Technische Aansluitvoorwaarden Grootverbruikers
3.3.3 Voor de aanleg van de leidingen in kruipruimten dienen sparingen te worden gehouden in de funderingsbalken, vloeren en muren. 3.3.4 De plaats en afmetingen van de sparingen worden door het bedrijf in overleg met de architect/constructeur bepaald. Bij vloerdoorvoeringen moeten pijphulzen worden toegepast, die 40 mm. boven de afgewerkte vloer uitsteken en tot 5 mm. onder het afgewerkte plafond reiken. 3.3.5 Bij de overgang van de hoofdleidingen in de kruipruimte naar de leidingen in de grond, dient in overleg met het bedrijf voldoende ruimte te worden vrijgehouden voor of in opdracht van het bedrijf aan te brengen voorzieningen in relatie tot de te verwachte bodemdaling. 3.3.6 Voor aanvullende eisen: zie supplementen. 3.3.7 De aansluitleidingen worden bij voorkeur onder de fundatie de opstellingsruimte ingevoerd, waarbij er een sparing wordt verlangd in de vloer (zie 3.3.4). Sparingen t.b.v. deze invoeringen dienen altijd in overleg met het bedrijf te worden aangebracht in verband met de grootte en plaats van het warmte-afleverstation of de warmte-afleverunit. 3.3.8 Indien in bijzondere gevallen voor bovengrondse hoofd- en verdeelleidingen wordt gekozen dan komen voorzieningen als brandwerende doorvoeringen en speciale ophangconstructies voor rekening van de aanvrager.
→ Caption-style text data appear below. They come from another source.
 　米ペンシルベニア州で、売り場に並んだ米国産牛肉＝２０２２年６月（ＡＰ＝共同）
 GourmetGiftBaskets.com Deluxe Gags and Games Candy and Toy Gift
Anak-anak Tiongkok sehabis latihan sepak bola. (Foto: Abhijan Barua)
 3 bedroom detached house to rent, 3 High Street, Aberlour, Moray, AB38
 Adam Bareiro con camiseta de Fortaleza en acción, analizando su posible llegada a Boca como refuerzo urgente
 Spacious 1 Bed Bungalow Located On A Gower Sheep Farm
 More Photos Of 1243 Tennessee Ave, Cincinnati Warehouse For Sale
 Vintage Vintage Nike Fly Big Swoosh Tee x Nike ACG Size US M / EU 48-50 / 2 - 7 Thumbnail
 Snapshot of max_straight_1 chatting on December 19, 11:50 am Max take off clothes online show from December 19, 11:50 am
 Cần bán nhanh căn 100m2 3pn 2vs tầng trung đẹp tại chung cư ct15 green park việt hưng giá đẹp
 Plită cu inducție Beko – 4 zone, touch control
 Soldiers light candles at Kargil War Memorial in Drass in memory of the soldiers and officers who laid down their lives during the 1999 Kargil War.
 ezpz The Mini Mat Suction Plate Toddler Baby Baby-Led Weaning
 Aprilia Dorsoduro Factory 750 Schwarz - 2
Artikel 4 Aangifte van installatie 4.1
Aanvraag in verband met de aanleg of wijziging van een installatie van de klant
4.1.1 Bij de aanleg van nieuwe installaties - alsmede bij uitbreiding, wijziging of vernieuwing van bestaande installaties waarvoor conform artikel 4, lid 3 een installatietekening bij het bedrijf moet worden ingediend of waarbij de installatie moet worden uitgebreid of gewijzigd - moet de aanvrager respectievelijk de verbruiker het bedrijf zo spoedig mogelijk schriftelijk op de door het bedrijf aangegeven wijze opgeven: • Naam, volledig adres en telefoonnummer. • Het volledige adres en de bestemming van het perceel. • De naam, het volledige adres en het telefoonnummer van degene die de werkzaamheden verricht, alsmede diens hoedanigheid (installateur of ander) en diens eventuele bevoegdheden inzake het bepaalde in de paragrafen 1 tot en met 4 van de vestigingswet. • De datum, waarop met de werkzaamheden zal worden begonnen en de vermoedelijke duur van de werkzaamheden. • De gegevens, die voor de aard/grootte van de aansluiting doorslaggevend zijn, waaronder begrepen de plaats van de meetinrichting. N.B. Hierbij dient tevens het aanvraagformulier voor de aansluiting van levering van warmte volledig ingevuld te worden ingeleverd. 4.1.2 Indien bij de aanvraag niet kan worden vermeld op welke datum met de werkzaamheden zal worden begonnen, moet de erkende installateur het bedrijf tijdig van deze datum in kennis stellen door het inzenden van een duidelijke en volledige planning.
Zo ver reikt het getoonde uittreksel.